Point two is that the country wants Dreamers to stay. About two-thirds of the country thinks protecting the DACA population from deportation is a priority, including almost 60 percent of Republicans. Sending these young adults “home” to a country they have never seen would be cruel, and we are not a cruel nation.
Point three is that reducing the allure of illegal entry is as important as securing our borders. The reason that past “one-time” amnesty programs have been followed by yet more illegal immigration is that we have never eliminated the enticements for coming into the country. Ditching birthright citizenship, which most European countries have done, and making sure that employers are required to check the legal status of employees through E-Verify, would go a long way towards that end. Though the rationale for birthright citizenship is contained in the Constitution, many legal scholars argue that the policy could be refined by Congress, just like gun rights.
Point four is that a 1,000-mile concrete wall is unworkable. Cato scholar Peter Bier, writing in the Libertarian magazine Reason, explains that more than two-thirds of borderland property is owned by groups other than the federal government, giving rise to significant legal challenges. There are other obstacles, including water rights, Native American objections, environmental issues and possible flooding that might result from a wall.
More important, Bier writes that an opaque wall would bar border patrol agents from seeing the bad guys; as a result many are opposed to it. A wall is also vulnerable to tunneling, scaling and other means of penetration. In short, with ramped-up security available today through the use of drones and other technology, the wall is simply not useful.
It is also expensive, with estimates of its cost running as high as $50 billion. That funding could better go to rolling out E-Verify and for expanded biometric screening for first-time visa applicants. We must deter illegal crossings, but it is also essential to prevent people from overstaying their visas. In 2016, according to a new report from Homeland Security, only an estimated 106,000 people managed to cross our southern border and enter the country undetected; more than 600,000 overstayed their visas.
Though many of the latter represent students and travelers who may not pose a threat to the country, remember that the 9/11 perpetrators from Saudi Arabia entered the country legally and then overstayed their visas.

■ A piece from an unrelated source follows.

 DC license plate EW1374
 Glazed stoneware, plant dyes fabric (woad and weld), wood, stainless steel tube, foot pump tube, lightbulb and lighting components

“Build the Wall” became a central theme of Trump’s campaign. But the wall represents more than a physical structure; it symbolizes a commitment to the rule of law and support for American workers. It signals an end to the permissiveness and claustrophobic political correctness of the Obama years.
Polling shows that most Americans don’t want a wall, mainly because they doubt that it will make a difference.
We don’t need a wall; we need The Donald to do a deal.